#### [Exercise data]
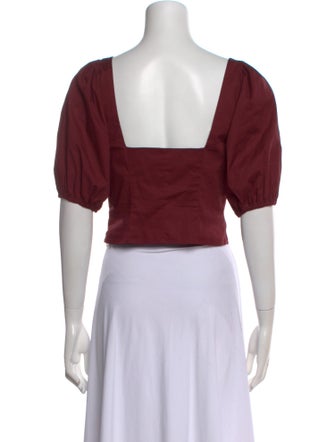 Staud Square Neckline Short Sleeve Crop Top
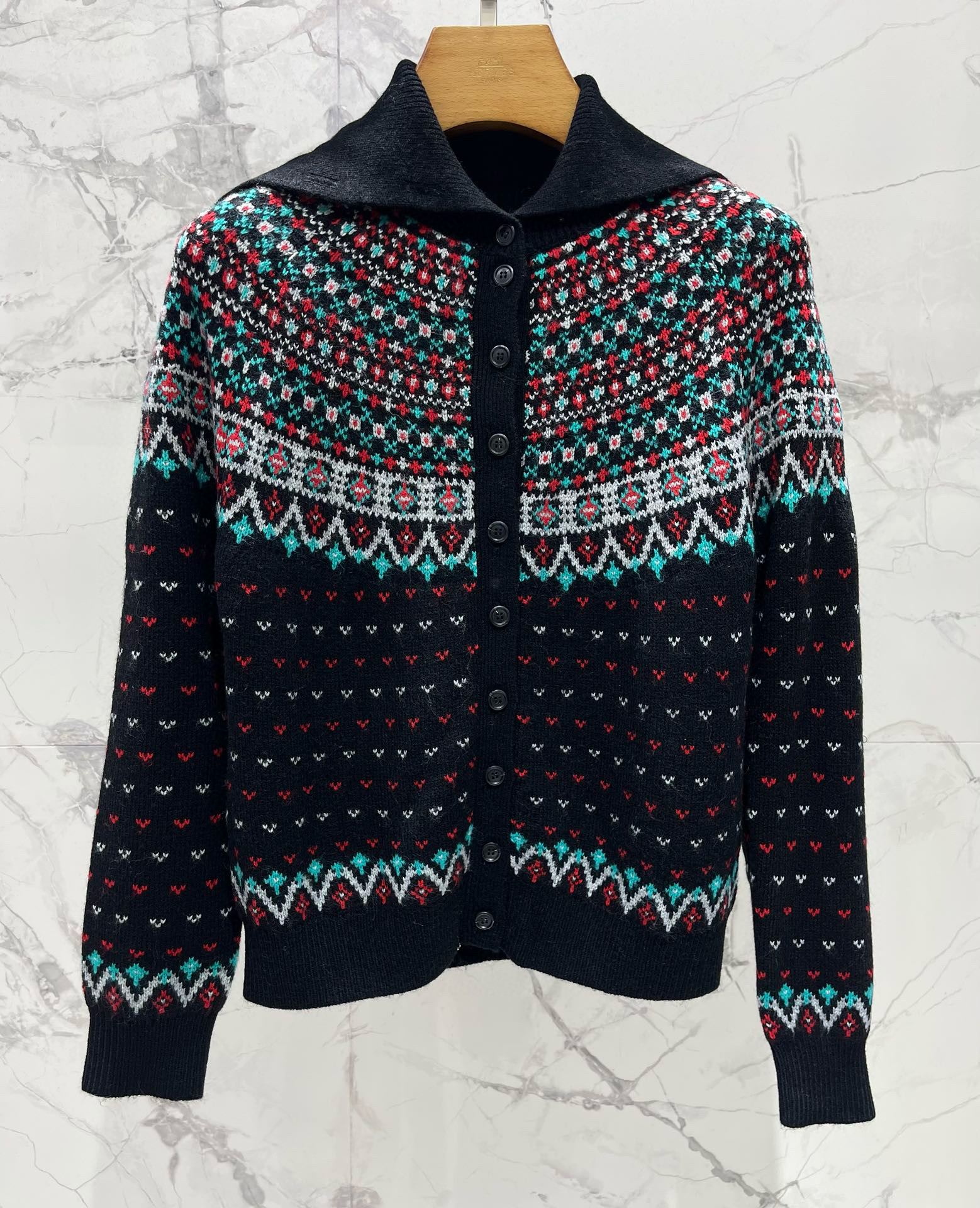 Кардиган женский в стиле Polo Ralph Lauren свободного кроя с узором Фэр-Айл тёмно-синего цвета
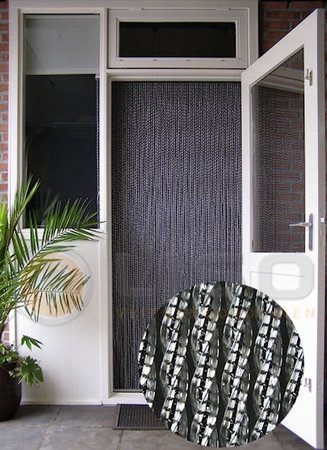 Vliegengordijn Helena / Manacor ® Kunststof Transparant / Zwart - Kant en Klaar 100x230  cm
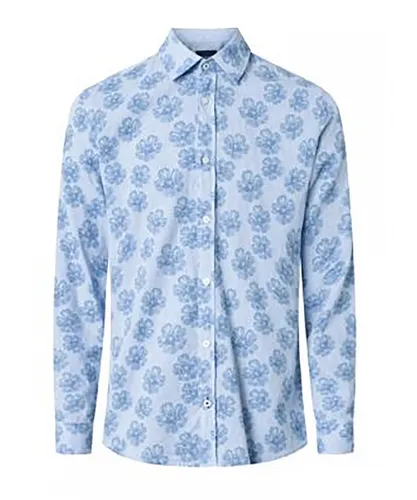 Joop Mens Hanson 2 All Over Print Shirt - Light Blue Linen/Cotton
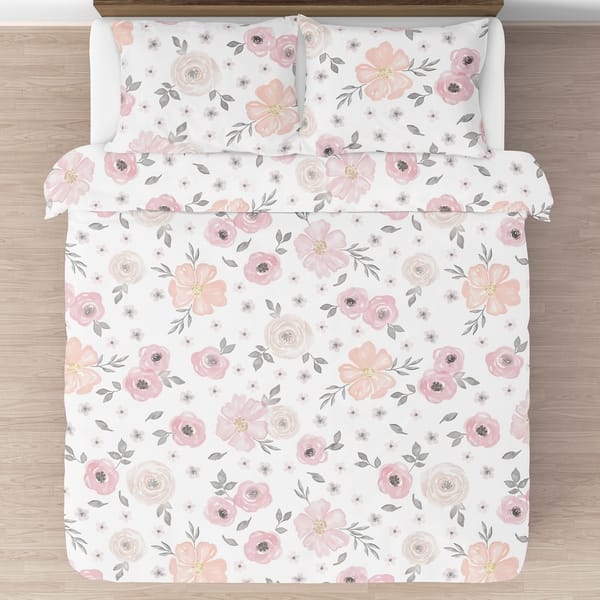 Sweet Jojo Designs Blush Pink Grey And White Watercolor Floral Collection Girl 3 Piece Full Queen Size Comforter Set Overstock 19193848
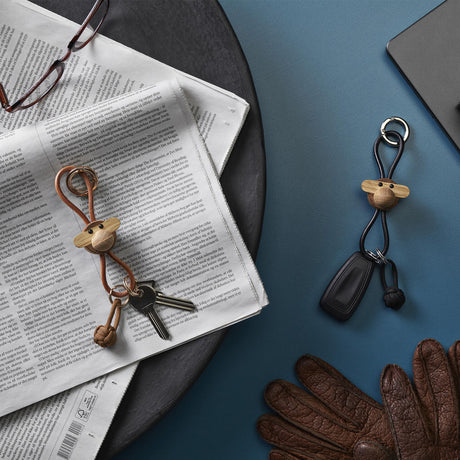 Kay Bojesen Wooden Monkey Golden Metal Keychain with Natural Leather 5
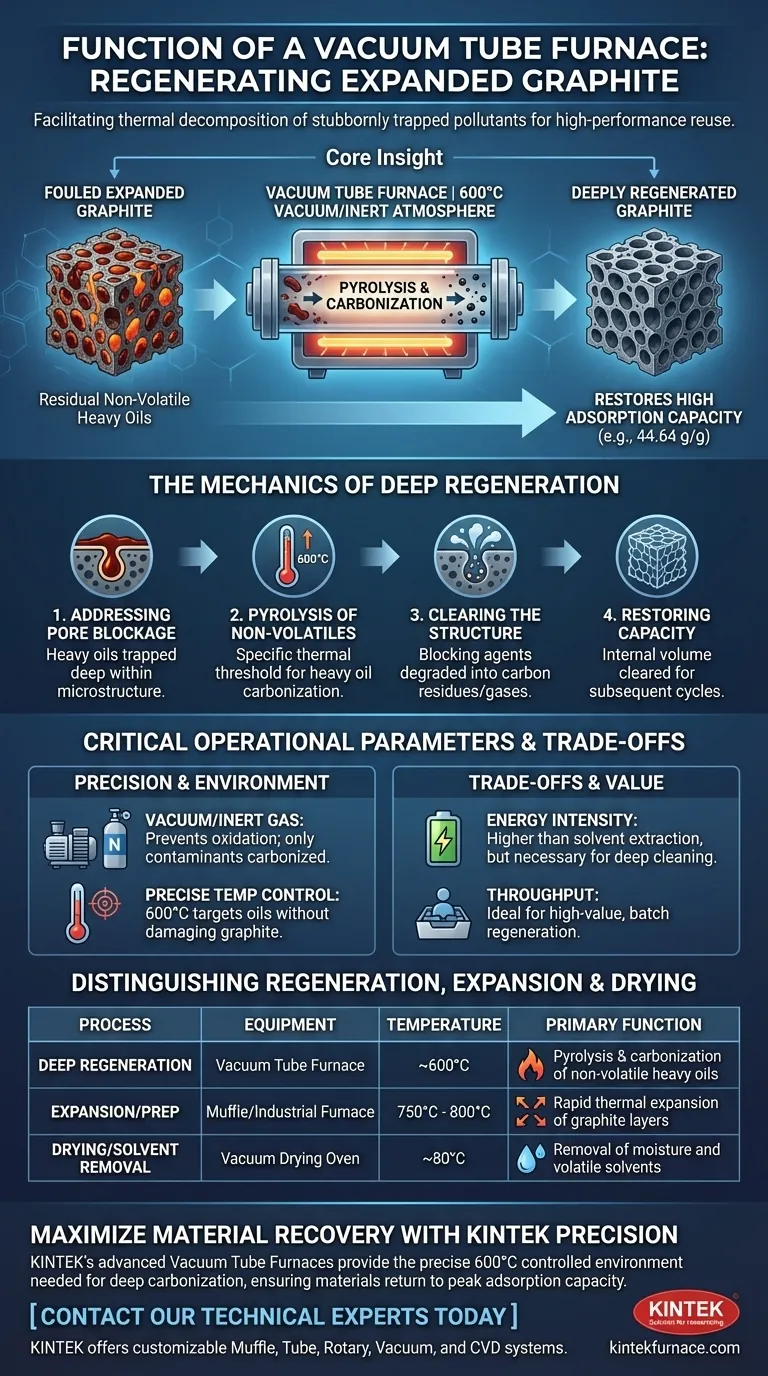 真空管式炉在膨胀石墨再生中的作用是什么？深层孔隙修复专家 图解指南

#### [Assigned task]
Begin with the line that contains "Kay Bojesen Wooden" and repeat every line through the end of the data, exactly and only those lines, leaving out the pictures.

#### [Expected answer]
 Kay Bojesen Wooden Monkey Golden Metal Keychain with Natural Leather 5
 真空管式炉在膨胀石墨再生中的作用是什么？深层孔隙修复专家 图解指南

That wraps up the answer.